Have you ever worked with real-life teens?
Oh, absolutely, I conduct a youth group at my house every week—do I look like I enjoy being made fun of (don’t answer that)? Actually, I was desperate enough to be a middle school substitute teacher for a short time after college. Suspecting I’d someday write a book for teenagers and not dedicate it to any of my students, I really used the opportunity to connect . . . to the Internet and ignore them entirely. “Are you done with that worksheet yet, Tracy? I didn’t think so.” Then I’d return to my favorite tennis blog and post something important in the comments section, like, “Vamos, Nadal!” No one got stabbed under my watch (I think?), so I must’ve been doing something right. We do the best we can-ish.
It sounds like you have a pretty close relationship with your family. Did you base Abby on your own sister? How about Jay’s parents?
My family means everything to me. My reluctance to party like it was 1999 as a teenager—wait, I was a teenager in 1999—was a blessing in dorky disguise, because it meant I got to spend extra time on the couch with my mom and dad (at their respective houses). That’s the thing about divorce—if the kids are neurotic, like me, then they always feel guilty about not being with the absent parent. If only I could find it in my heart to start blaming everyone but myself, then I’d surely find eternal happiness.
Oh, I’m avoiding the question? I didn’t even notice. I definitely borrow bits and pieces from certain people, but their real-life counterparts are a million times better. There’s no way I could do them justice in 250 pages (how long is my book again?).
Your protagonist is running for class president. What sorts of extracurriculars did you do in high school?
I’m embarrassed to say that I also ran for freshman class president. Worst yet, I won. Afterward, when I realized my position required doing stuff like helping build the Homecoming float and other crap I can’t remember, I was like, “$&#*!” I would’ve impeached myself if anyone had cared.
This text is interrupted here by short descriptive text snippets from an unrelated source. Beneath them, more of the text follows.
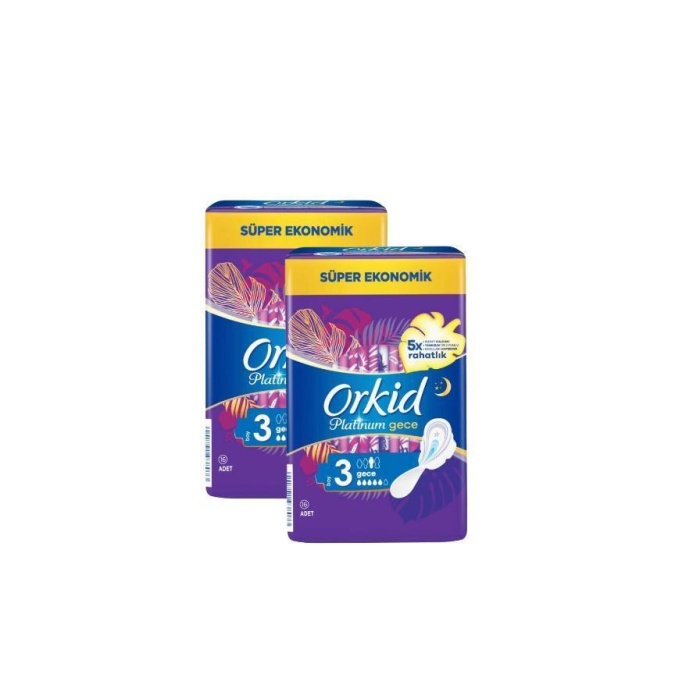 Orkid Platinum Hijyenik Ped Gece 2 x 16lı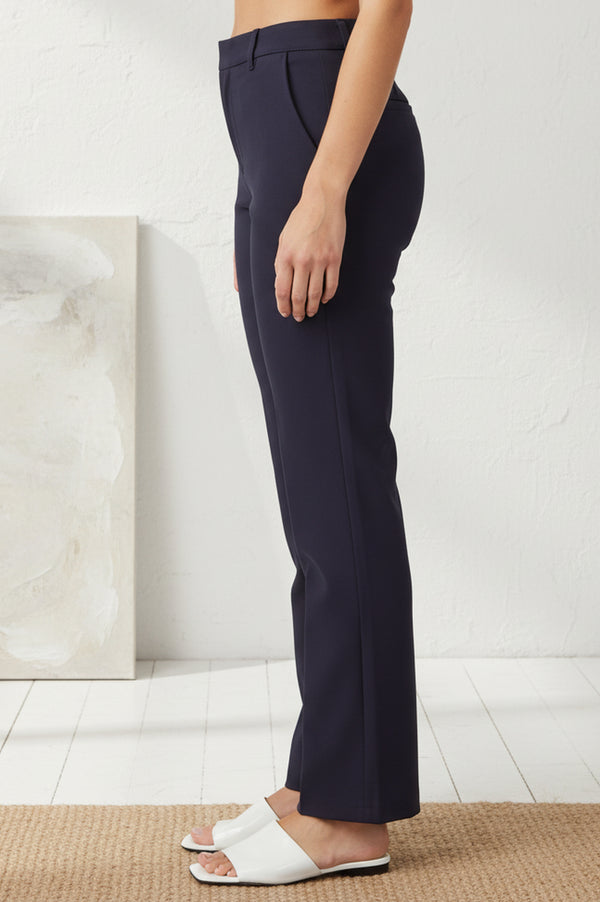 Elleven Women's Navy Blue Solid Buttons Rayon Slim Fit Flared Boss Pants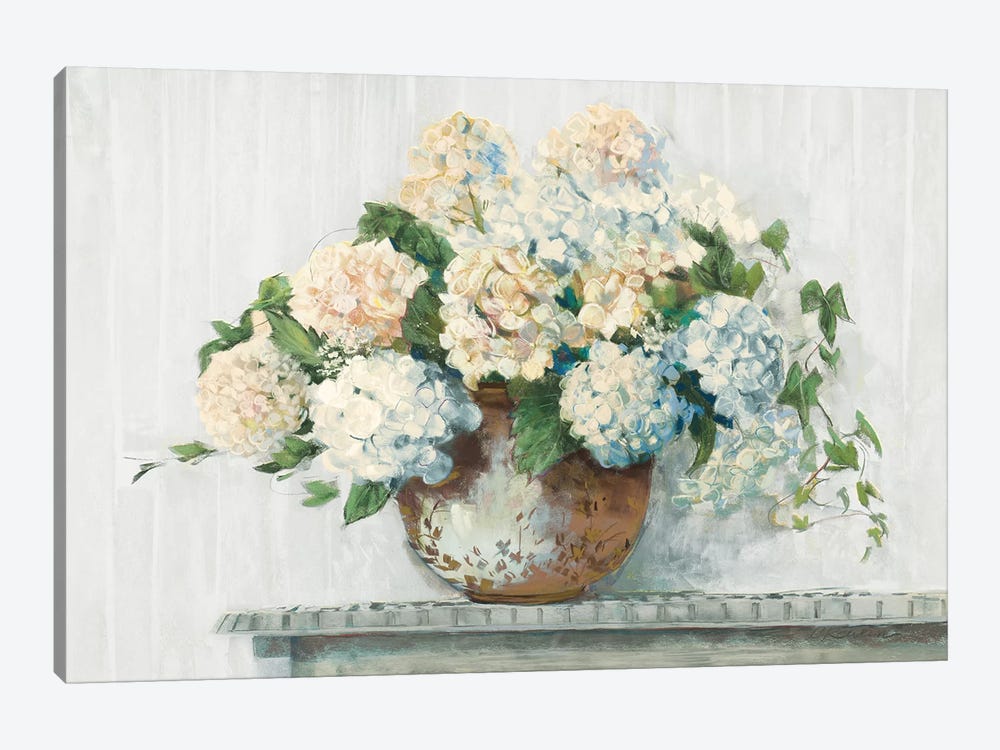 White Hydrangea Cottage by Carol Rowan 1-piece Art Print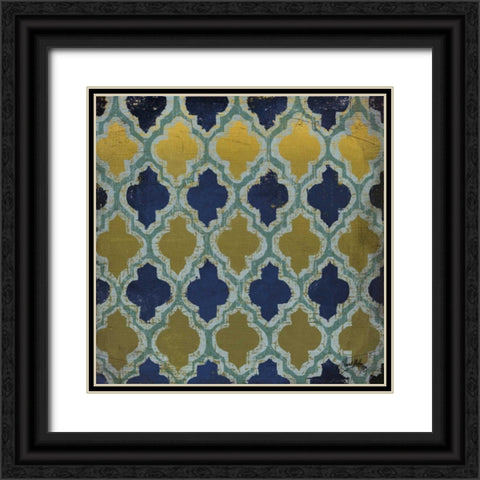 Olive and Indigo Modele I Black Ornate Wood Framed Art Print with Double Matting by Medley, Elizabeth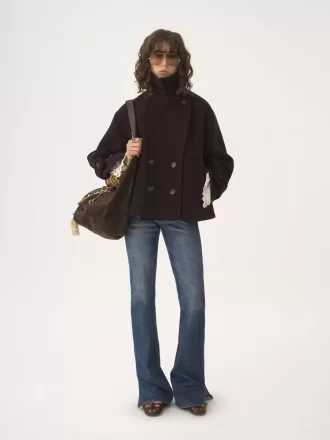 Oversized short coat in wool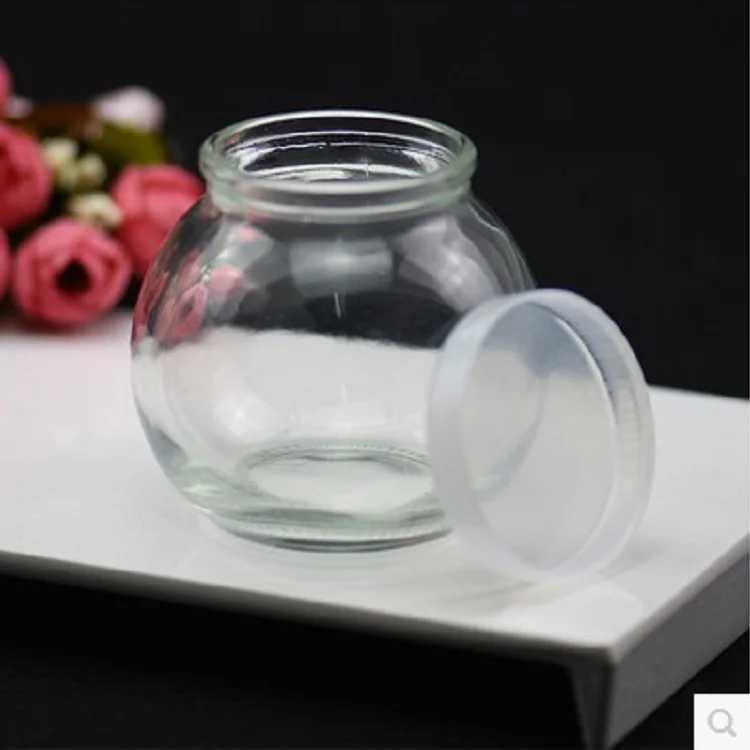 200ml Round Ball Pudding Glass Jar, Candy Beverage Glass Gottle, Pudding jar with PE lid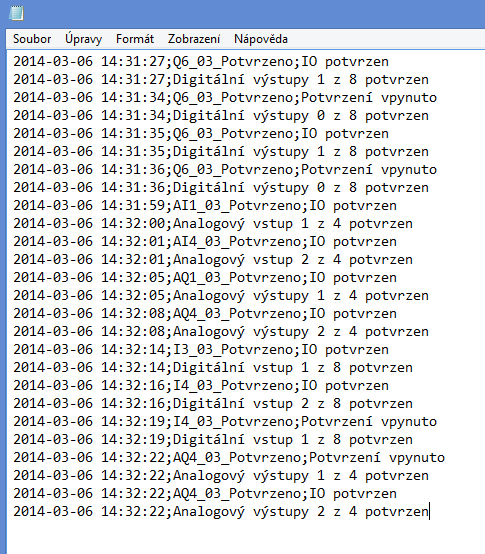 Loxone config režim zprovoznění data testování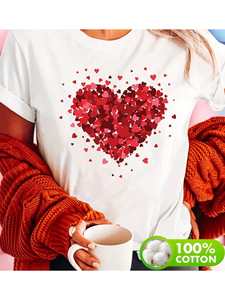 T-Shirt da Donna in Puro Cotone, Vestibilità Regolare, Manica Corta, Collo Tondo, Stampa Cuore Grande, Casual, Primavera-Estate, Tessuto Lavorato a Maglia - Product Image 3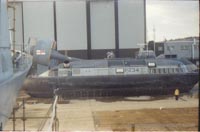 The Vosper-Thornycroft VT-2 undergoing engineering works at the VT base, Portchester 1981 - Hovering trials (submitted by Ernie Dunn).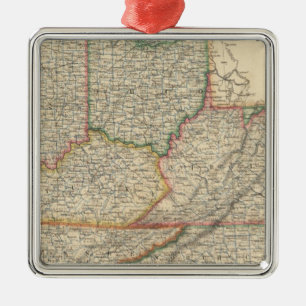 States of Delaware and Maryland Metal Ornament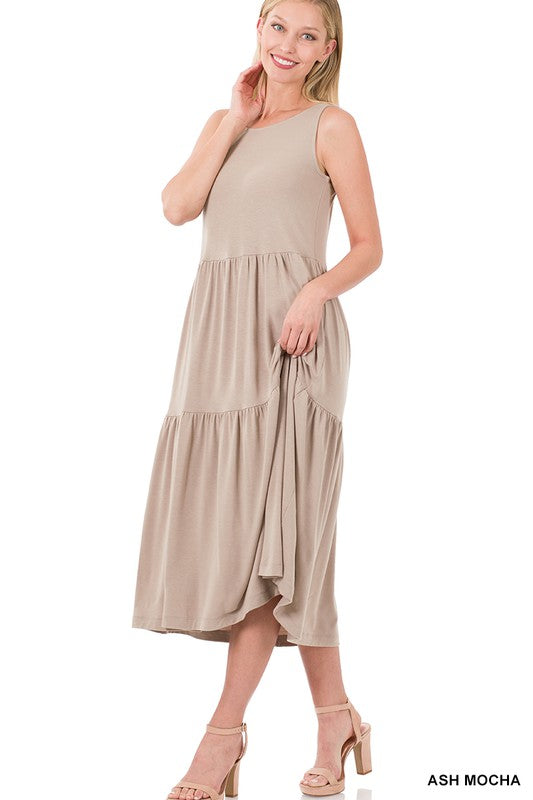 Zenana Sleeveless Tiered Midi Dress ASH MOCHA ZENANA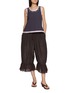 模特儿示范图 - 点击放大 - FAFAMOON - Cinched Scallop Hem Pants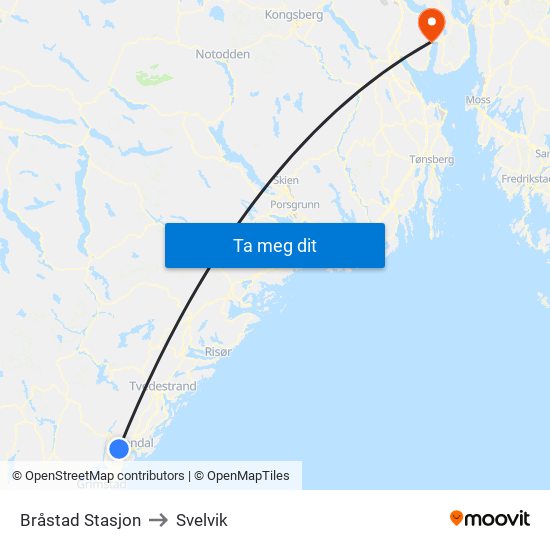 Bråstad Stasjon to Svelvik map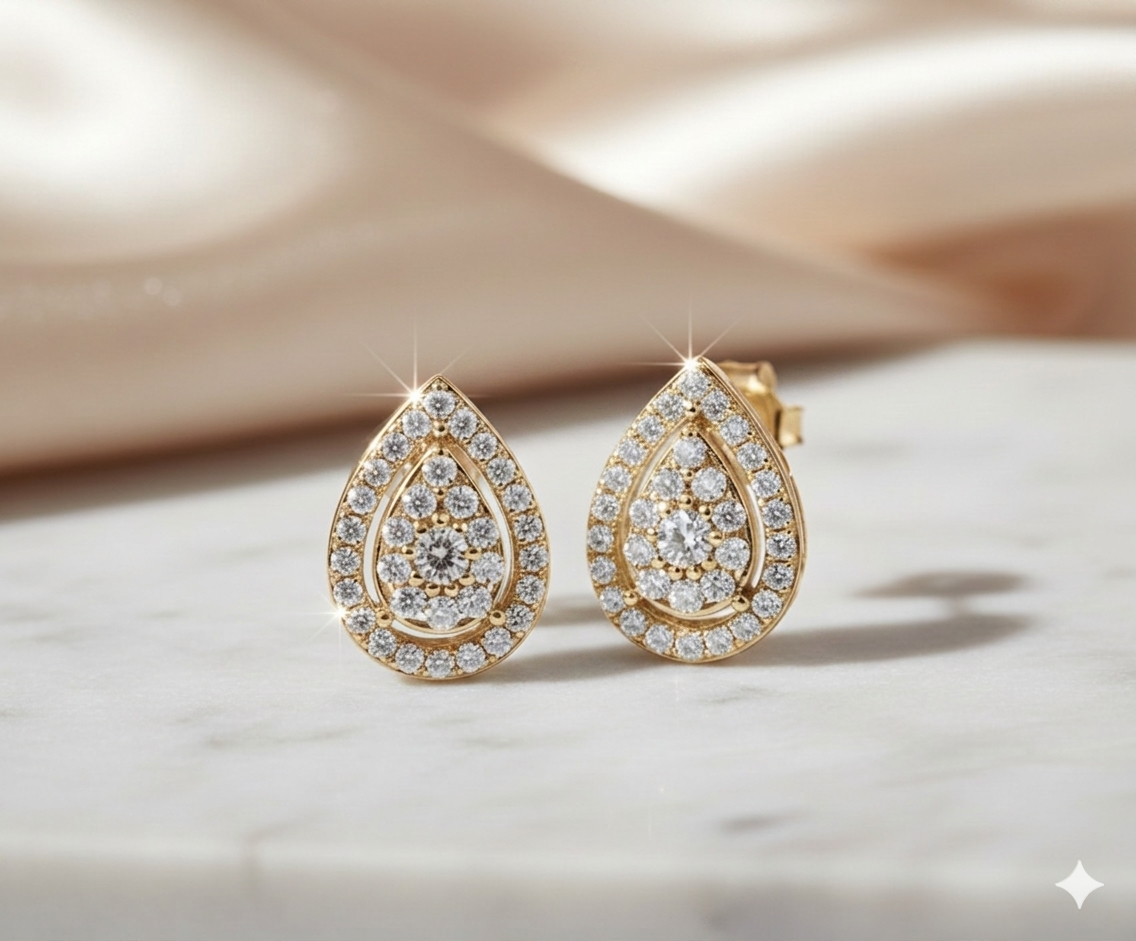 Teardrop Pear Diamond Double Halo Stud Earrings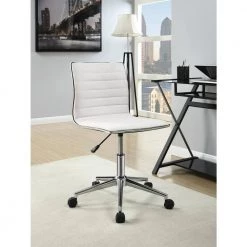 White Faux Leather Seat Office Chair with Tilt Control and Wheels by Coaster Home Furnishings -Coaster Home Furnishings Shop white chrome coaster home furnishings task chairs 800726 31 1000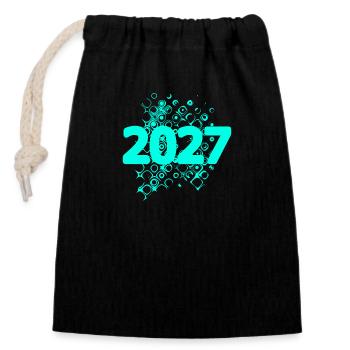 2027 - Sac cadeau en coton avec cordon (14 x 20 cm) - noir - Devant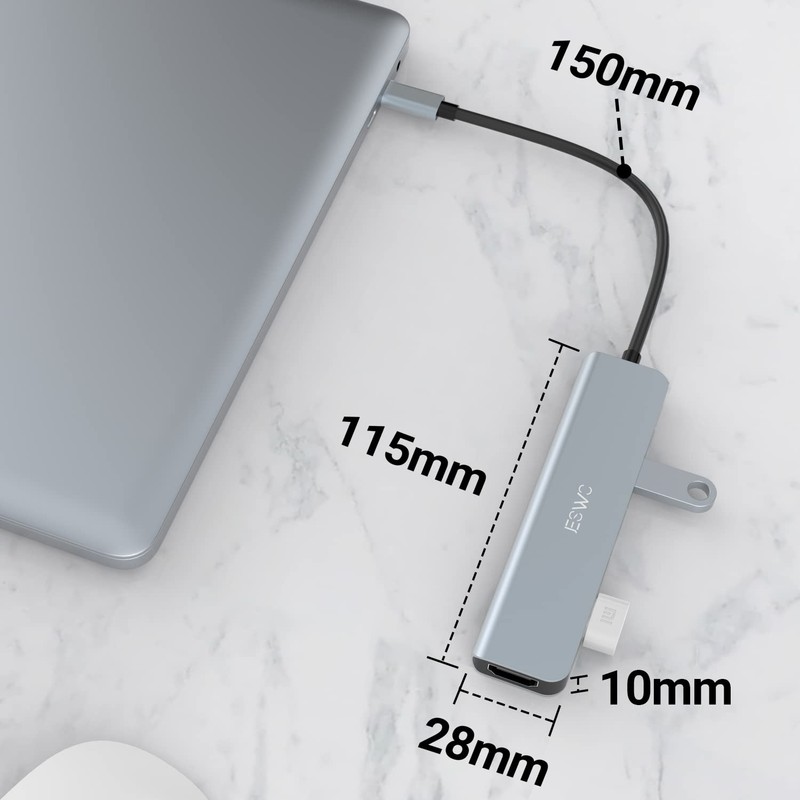 USB C Hub, JESWO 6 in 1 USB C Adapter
I was way more into tennis than Jay Baker. Still am. When I started taking group lessons at a club my freshman year, it was like I’d finally found my fellow aliens.
There are so many love triangles in YA literature with a girl at the apex, but your book features a male-centric isosceles. Was that a conscious decision, to shake up the love triangle?
Crap, I wish I could say it was a conscious decision, but I actually wrote the entire book in a food coma. Amazing, eh? Amazing in the way that that joke will never be funny. Now that I think of it, why should the ladies get the pimp spot in the love triangle all the time?
Is it important to you that your writing be funny?
Have I told you the one about the paranoid writer who doesn’t think his work is worth a flaming pile of poo unless it’s funny? I think we all have crutches that we cling to, desperately, to remind ourselves that we’re the second-best things since Cinnabons gave birth to Minibons. Or maybe my cheesiness stands alone, but I can’t help it. Sometimes simple is really is better, though. *Purses lips . . . then makes fart noise*
Any tips for writers trying to up their laugh factor?
Uh, don’t take yourself too seriously? I mean, I’ve never been the type to get hung up on whether or not I’m about to offend someone who needs a personality transplant anyway. Oops, I did it again. Life sucks and then you die/cryogenically freeze your head, so why not cackle obnoxiously at everyone’s misfortunes, including your own? Or we could all just stand around and be really unhappy all the time, that sounds like fun, too.
We heard you recently got engaged. Tell us about the proposal!
You know, I really prefer to keep my private life private–psych! I wrote a blog about How Not to Propose. Nothing’s worth doing in life if I can’t post about it on the internet so people can click their tongues and say, “This guy is a disaster . . . good luck with him, lady!” I owe it to the world, and if the world’s saying, “No thanks, I’m good,” don’t tell me–I’d rather be the last to know. Ignorance is bliss, so it’s important to play dumb for as long as possible.